▸ Problem statement
Retype exactly the span of lines below from the one with "Cancer : première" through the one with "Terreno para Venda em Arcozelo Foto 26". Do not include pictures.

▸ Dataset

>>

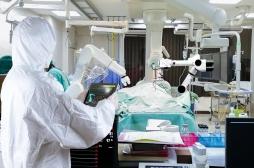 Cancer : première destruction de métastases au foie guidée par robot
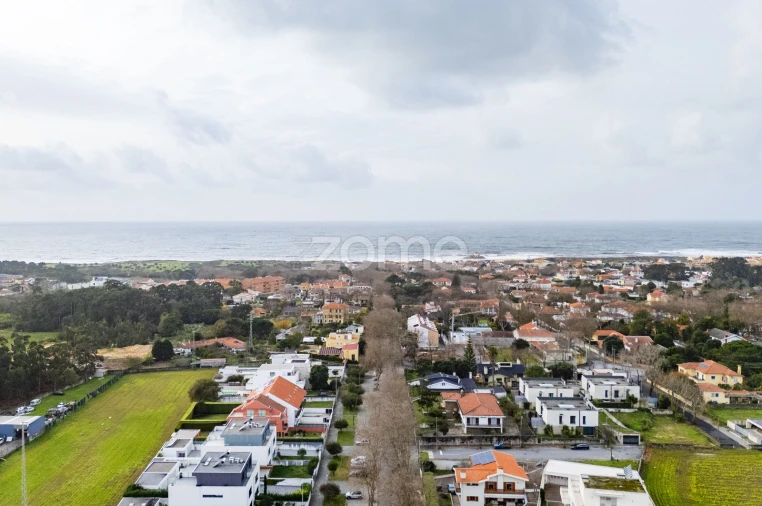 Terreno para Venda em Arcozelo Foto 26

<<
>>

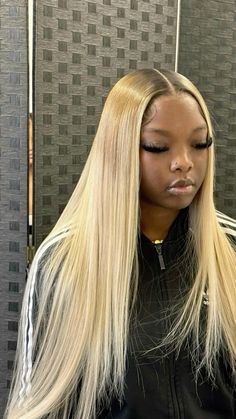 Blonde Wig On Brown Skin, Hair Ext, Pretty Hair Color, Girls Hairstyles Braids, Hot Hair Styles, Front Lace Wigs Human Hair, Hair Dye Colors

<<
>>

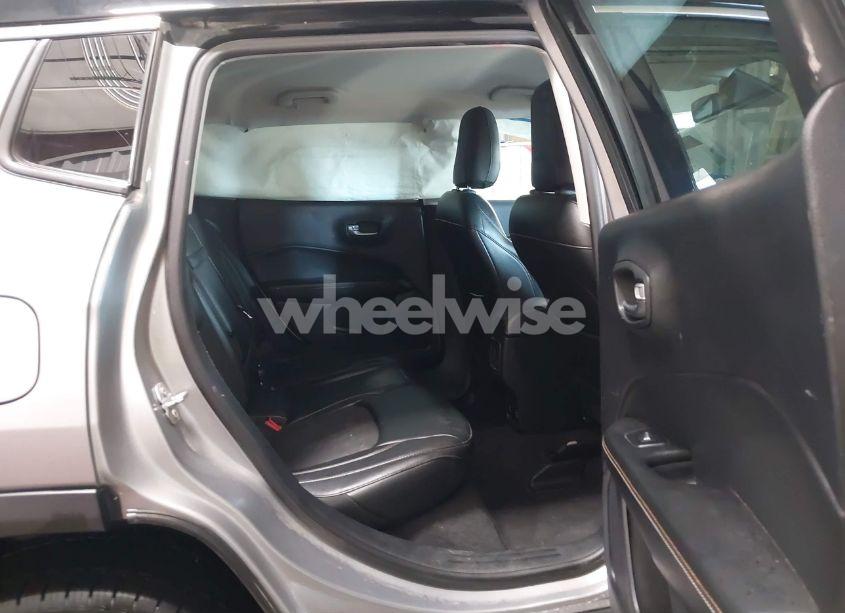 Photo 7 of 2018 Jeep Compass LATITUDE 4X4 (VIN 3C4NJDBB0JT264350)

<<

▸ Your response
 Cancer : première destruction de métastases au foie guidée par robot
 Terreno para Venda em Arcozelo Foto 26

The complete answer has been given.